Records for the task
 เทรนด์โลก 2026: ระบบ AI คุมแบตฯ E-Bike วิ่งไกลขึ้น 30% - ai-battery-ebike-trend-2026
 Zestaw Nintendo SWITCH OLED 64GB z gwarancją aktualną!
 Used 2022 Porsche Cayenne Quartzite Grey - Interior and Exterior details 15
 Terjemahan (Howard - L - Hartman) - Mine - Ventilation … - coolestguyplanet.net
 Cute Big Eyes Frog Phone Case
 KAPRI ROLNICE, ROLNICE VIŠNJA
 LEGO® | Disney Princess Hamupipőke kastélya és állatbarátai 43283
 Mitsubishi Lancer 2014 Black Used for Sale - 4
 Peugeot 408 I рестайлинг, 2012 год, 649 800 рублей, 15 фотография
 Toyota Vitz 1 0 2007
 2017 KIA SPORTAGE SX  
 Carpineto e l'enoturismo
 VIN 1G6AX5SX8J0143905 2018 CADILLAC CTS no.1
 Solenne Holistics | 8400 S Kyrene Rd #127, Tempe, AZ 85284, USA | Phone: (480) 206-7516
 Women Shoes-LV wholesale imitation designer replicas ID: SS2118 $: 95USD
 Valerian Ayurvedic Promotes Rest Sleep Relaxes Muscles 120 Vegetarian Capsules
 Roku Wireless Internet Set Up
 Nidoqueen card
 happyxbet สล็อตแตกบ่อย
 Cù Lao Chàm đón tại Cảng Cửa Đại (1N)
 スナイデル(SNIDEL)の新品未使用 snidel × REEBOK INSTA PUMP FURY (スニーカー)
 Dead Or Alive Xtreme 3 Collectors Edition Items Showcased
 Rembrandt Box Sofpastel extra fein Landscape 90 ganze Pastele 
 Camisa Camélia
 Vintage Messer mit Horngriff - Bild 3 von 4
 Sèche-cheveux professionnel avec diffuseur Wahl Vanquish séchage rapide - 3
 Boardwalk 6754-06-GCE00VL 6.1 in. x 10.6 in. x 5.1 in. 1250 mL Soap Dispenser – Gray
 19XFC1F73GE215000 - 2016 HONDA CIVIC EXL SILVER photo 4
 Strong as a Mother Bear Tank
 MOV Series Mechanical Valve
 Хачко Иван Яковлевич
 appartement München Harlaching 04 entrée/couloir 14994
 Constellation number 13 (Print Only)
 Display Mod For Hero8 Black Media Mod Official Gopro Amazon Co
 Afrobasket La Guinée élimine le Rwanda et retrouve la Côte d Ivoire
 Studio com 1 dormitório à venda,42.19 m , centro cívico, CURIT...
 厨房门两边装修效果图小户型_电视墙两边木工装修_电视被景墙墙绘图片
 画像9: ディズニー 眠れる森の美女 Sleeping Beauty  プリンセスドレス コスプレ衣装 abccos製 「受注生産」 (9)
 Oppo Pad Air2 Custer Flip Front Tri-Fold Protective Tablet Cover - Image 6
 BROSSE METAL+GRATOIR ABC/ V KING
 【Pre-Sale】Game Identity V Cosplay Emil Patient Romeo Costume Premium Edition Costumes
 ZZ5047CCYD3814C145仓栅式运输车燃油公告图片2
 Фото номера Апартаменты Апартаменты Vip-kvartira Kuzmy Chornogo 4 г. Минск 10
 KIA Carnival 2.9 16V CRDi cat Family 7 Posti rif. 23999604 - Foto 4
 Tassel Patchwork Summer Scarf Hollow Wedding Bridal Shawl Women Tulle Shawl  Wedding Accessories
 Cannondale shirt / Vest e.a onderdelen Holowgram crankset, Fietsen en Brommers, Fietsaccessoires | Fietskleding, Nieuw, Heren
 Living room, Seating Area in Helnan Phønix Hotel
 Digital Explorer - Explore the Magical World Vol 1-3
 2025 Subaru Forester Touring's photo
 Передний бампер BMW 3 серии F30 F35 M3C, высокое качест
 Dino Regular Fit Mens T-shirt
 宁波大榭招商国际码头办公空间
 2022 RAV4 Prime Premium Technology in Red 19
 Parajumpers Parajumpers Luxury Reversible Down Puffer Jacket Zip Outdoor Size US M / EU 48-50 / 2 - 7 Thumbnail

Work item
Reproduce the entries above exactly, every line included.

Answer area
 เทรนด์โลก 2026: ระบบ AI คุมแบตฯ E-Bike วิ่งไกลขึ้น 30% - ai-battery-ebike-trend-2026
 Zestaw Nintendo SWITCH OLED 64GB z gwarancją aktualną!
 Used 2022 Porsche Cayenne Quartzite Grey - Interior and Exterior details 15
 Terjemahan (Howard - L - Hartman) - Mine - Ventilation … - coolestguyplanet.net
 Cute Big Eyes Frog Phone Case
 KAPRI ROLNICE, ROLNICE VIŠNJA
 LEGO® | Disney Princess Hamupipőke kastélya és állatbarátai 43283
 Mitsubishi Lancer 2014 Black Used for Sale - 4
 Peugeot 408 I рестайлинг, 2012 год, 649 800 рублей, 15 фотография
 Toyota Vitz 1 0 2007
 2017 KIA SPORTAGE SX  
 Carpineto e l'enoturismo
 VIN 1G6AX5SX8J0143905 2018 CADILLAC CTS no.1
 Solenne Holistics | 8400 S Kyrene Rd #127, Tempe, AZ 85284, USA | Phone: (480) 206-7516
 Women Shoes-LV wholesale imitation designer replicas ID: SS2118 $: 95USD
 Valerian Ayurvedic Promotes Rest Sleep Relaxes Muscles 120 Vegetarian Capsules
 Roku Wireless Internet Set Up
 Nidoqueen card
 happyxbet สล็อตแตกบ่อย
 Cù Lao Chàm đón tại Cảng Cửa Đại (1N)
 スナイデル(SNIDEL)の新品未使用 snidel × REEBOK INSTA PUMP FURY (スニーカー)
 Dead Or Alive Xtreme 3 Collectors Edition Items Showcased
 Rembrandt Box Sofpastel extra fein Landscape 90 ganze Pastele 
 Camisa Camélia
 Vintage Messer mit Horngriff - Bild 3 von 4
 Sèche-cheveux professionnel avec diffuseur Wahl Vanquish séchage rapide - 3
 Boardwalk 6754-06-GCE00VL 6.1 in. x 10.6 in. x 5.1 in. 1250 mL Soap Dispenser – Gray
 19XFC1F73GE215000 - 2016 HONDA CIVIC EXL SILVER photo 4
 Strong as a Mother Bear Tank
 MOV Series Mechanical Valve
 Хачко Иван Яковлевич
 appartement München Harlaching 04 entrée/couloir 14994
 Constellation number 13 (Print Only)
 Display Mod For Hero8 Black Media Mod Official Gopro Amazon Co
 Afrobasket La Guinée élimine le Rwanda et retrouve la Côte d Ivoire
 Studio com 1 dormitório à venda,42.19 m , centro cívico, CURIT...
 厨房门两边装修效果图小户型_电视墙两边木工装修_电视被景墙墙绘图片
 画像9: ディズニー 眠れる森の美女 Sleeping Beauty  プリンセスドレス コスプレ衣装 abccos製 「受注生産」 (9)
 Oppo Pad Air2 Custer Flip Front Tri-Fold Protective Tablet Cover - Image 6
 BROSSE METAL+GRATOIR ABC/ V KING
 【Pre-Sale】Game Identity V Cosplay Emil Patient Romeo Costume Premium Edition Costumes
 ZZ5047CCYD3814C145仓栅式运输车燃油公告图片2
 Фото номера Апартаменты Апартаменты Vip-kvartira Kuzmy Chornogo 4 г. Минск 10
 KIA Carnival 2.9 16V CRDi cat Family 7 Posti rif. 23999604 - Foto 4
 Tassel Patchwork Summer Scarf Hollow Wedding Bridal Shawl Women Tulle Shawl  Wedding Accessories
 Cannondale shirt / Vest e.a onderdelen Holowgram crankset, Fietsen en Brommers, Fietsaccessoires | Fietskleding, Nieuw, Heren
 Living room, Seating Area in Helnan Phønix Hotel
 Digital Explorer - Explore the Magical World Vol 1-3
 2025 Subaru Forester Touring's photo
 Передний бампер BMW 3 серии F30 F35 M3C, высокое качест
 Dino Regular Fit Mens T-shirt
 宁波大榭招商国际码头办公空间
 2022 RAV4 Prime Premium Technology in Red 19
 Parajumpers Parajumpers Luxury Reversible Down Puffer Jacket Zip Outdoor Size US M / EU 48-50 / 2 - 7 Thumbnail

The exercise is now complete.